Langit mulai menampakkan gelapnya. Angin
mulai menghembuskan hawa dingin yang membekukan semua yang ada di sekitarnya.
Awan tampak bergerak malas menghindar dinginnya udara agar tak segera berubah
menjadi titik-titik embun. Pohon-pohon mulai kehilangan bayangan mereka tanpa
bisa berkutik sedikitpun. Terdiam dengan rasa gelap yang terus menutupi asa
untuk terus eksis di dunia nyata.
“Gedang
Sanga..!! I am Coming..!!!” Salah seorang temanku sontak memecahkan keheningan
senja yang telah merajut sedari tadi. Digta namanya, orang Jakarta yang mungkin
baru pertama kali ini melihat candi. Maklum di jakarta mana ada Candi. Palingan
juga tumpukan sampah yang ada di sana, pikirku pelan.
Keempat
sekawan ini, termasuk aku mulai saling berpandangan sarat makna. Mengernyitkan
alis mendengar ucapan yang tampak aneh.
“Heh…”
aku jawel sedikit tangannya.
“Gedong
Songooo…..!! Sotoy..!!” ucapku sambil menyodorkan mukaku di hadapannya.
“Lho
itu tulisannya pake A, liat aja noh…” sambil menunjuk arah papan tepat di atas
pintu masuk kawasan wisata ini. Nampak dalam mukanya rasa resah tercampur
bingung telah melanda dirinya.
“Begini
ta…” ku pegang pundak kiri orang yang berkaca mata tebal itu perlahan. “Kalo
dalam bahasa jawa, huruf A itu dibaca O..” aku tersenyum pendek.
Syela
yang sama-sama orang Jakarta tiba-tiba nyrocos.”Berarti nama kamu diganti jadi
Digto..!! Hahaha.. “ tampaknya Syela tertawa puas.
“Haaaaaaa…
dasar Syelo..!!”
“Eh,
udah udah. Udah mau sampai tuh.” Radit yang sedari tadi bengong tiba-tiba
mengeluarkan suaranya. Bak seorang wasit yang angkat bicara atas kisruh yang
sedang menimpa pemain-pemainnya.
Semua
mata nampak nyalang melihat ke ujung candi yang letaknya terlalu jauh dari
dataran penglihatan mata. Hingga harus mendongak terlalu tinggi dan menengadah
terlalu lama.
“Kayak
naek gunung ya..” Digta mulai lagi.
“Naek
gunung gundulmu..!! ini bukit. Jauh.. jauh baget dari yang namanya gunung.” aku
memandang wajahnya.
“Tapi
kan sama-sama menggunung dan membukit kan?..,” Digta tersenyum kecil.
“Beda
lah, kalo menggunung itu bertumpuk tumpuk satu sama lain tepat di atasnya,
sedang kan kalo membukit itu belum tentu diatasnya, bisa di samping atau tepat
di pinggirnya.” Jelasku dengan nada sok tau, entah benar atau tidak yang
penting aku punya alasan untuk pernyataanku sebelumnya.
Tak
ada balasan, tak ada jawaban. Orang-orang di sekitarku hanya nampak diam seolah
baru pertama kali mendengar statement yang barusan aku lontarkan. Atau mungkin
mereka baru pertama kali mendengar itu. Ya memang, aku juga baru pertama kali
memikirkan itu.
“Sumber
dari mana tuh..?” Digta memandangku lekat sembari memonyongkan sedikit mukanya
ke arahku.
“Ini…!!!”
Aku mengetuk keras kepalaku dengan ujung telunjuk tangan kanan. Sambil memasang
muka sotoy yang paling garang sedunia. Tapi semua mulai mengacuhkan tingkahku.

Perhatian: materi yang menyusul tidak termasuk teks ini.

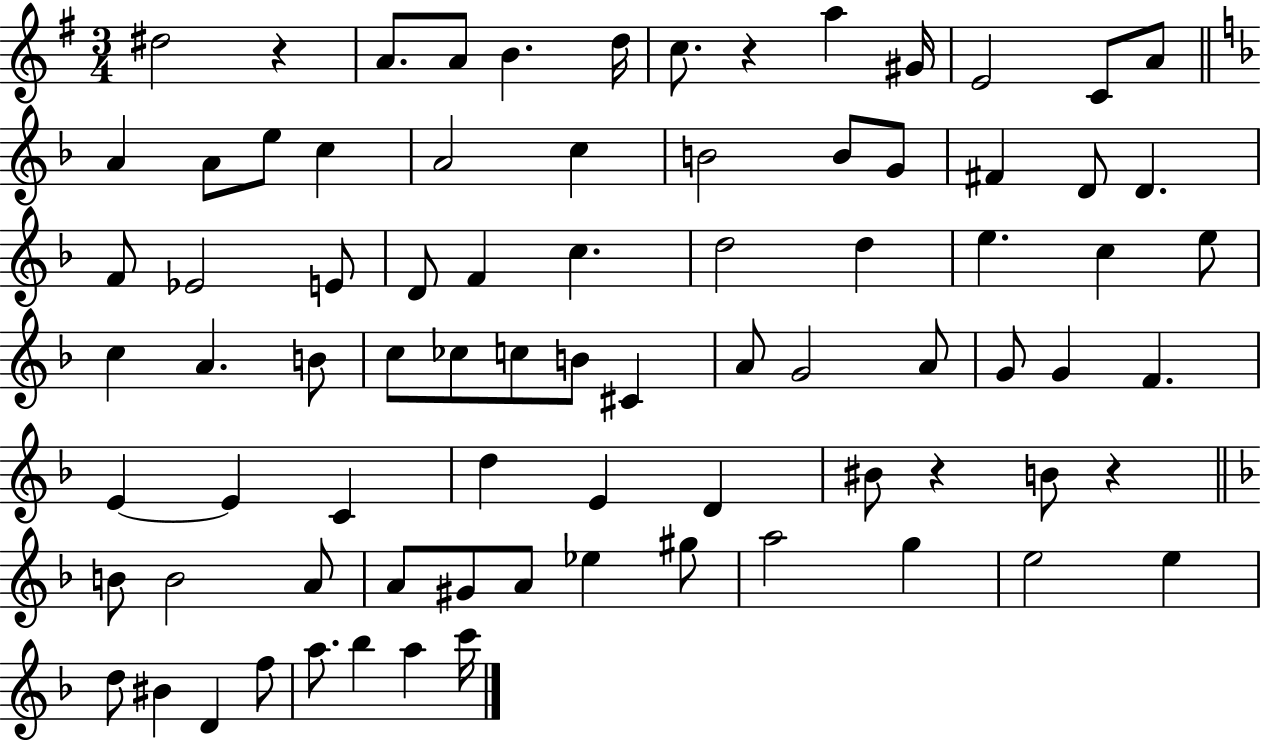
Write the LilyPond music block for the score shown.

{
  \clef treble
  \numericTimeSignature
  \time 3/4
  \key g \major
  \repeat volta 2 { dis''2 r4 | a'8. a'8 b'4. d''16 | c''8. r4 a''4 gis'16 | e'2 c'8 a'8 | \break \bar "||" \break \key f \major a'4 a'8 e''8 c''4 | a'2 c''4 | b'2 b'8 g'8 | fis'4 d'8 d'4. | \break f'8 ees'2 e'8 | d'8 f'4 c''4. | d''2 d''4 | e''4. c''4 e''8 | \break c''4 a'4. b'8 | c''8 ces''8 c''8 b'8 cis'4 | a'8 g'2 a'8 | g'8 g'4 f'4. | \break e'4~~ e'4 c'4 | d''4 e'4 d'4 | bis'8 r4 b'8 r4 | \bar "||" \break \key f \major b'8 b'2 a'8 | a'8 gis'8 a'8 ees''4 gis''8 | a''2 g''4 | e''2 e''4 | \break d''8 bis'4 d'4 f''8 | a''8. bes''4 a''4 c'''16 | } \bar "|."
}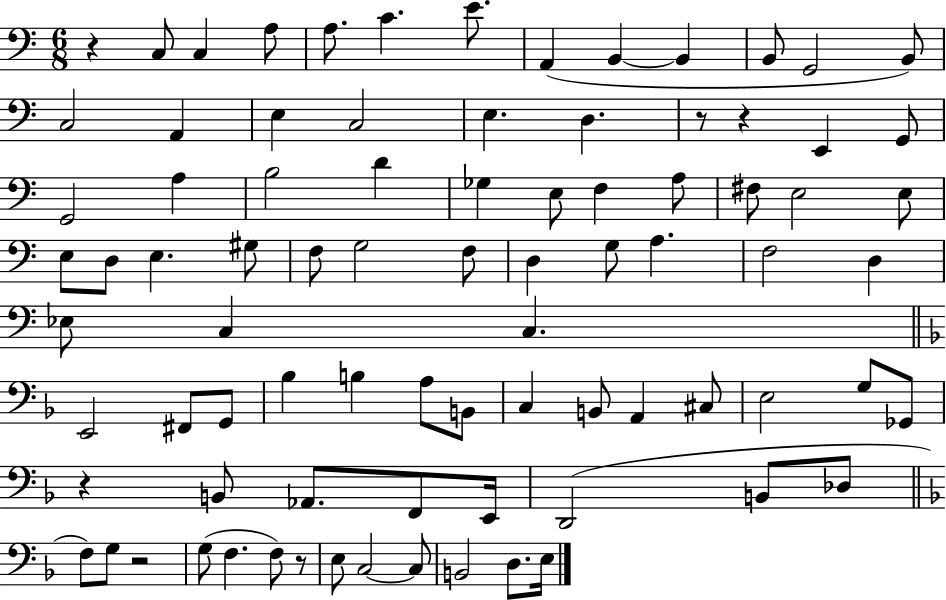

Biarlah, yang penting aku puas.
Orang-orang
nampak iri melihat kebersamaan kami. Perempuan-perempuan yang berkoloni tampak
iri melihat cowok-cowok ganteng sedang bercanda ria. Preman-preman pasar terlihat
ngiler dengan cewek-cewek bahenol di rombongan kami. Kepulan asap rokok tampak
mereka undah-undahkan agar terlihat maco (mungkin). Tapi kami beranggapan rokok
itu bukan style tapi justru bunuh diri perlahan.
Tepat
saat memasuki gapura masuk kawasan wisata kami disambut dengan ramainya
orang-orang yang sedang beristirahat dan menunggu pengelola memberikan tempat.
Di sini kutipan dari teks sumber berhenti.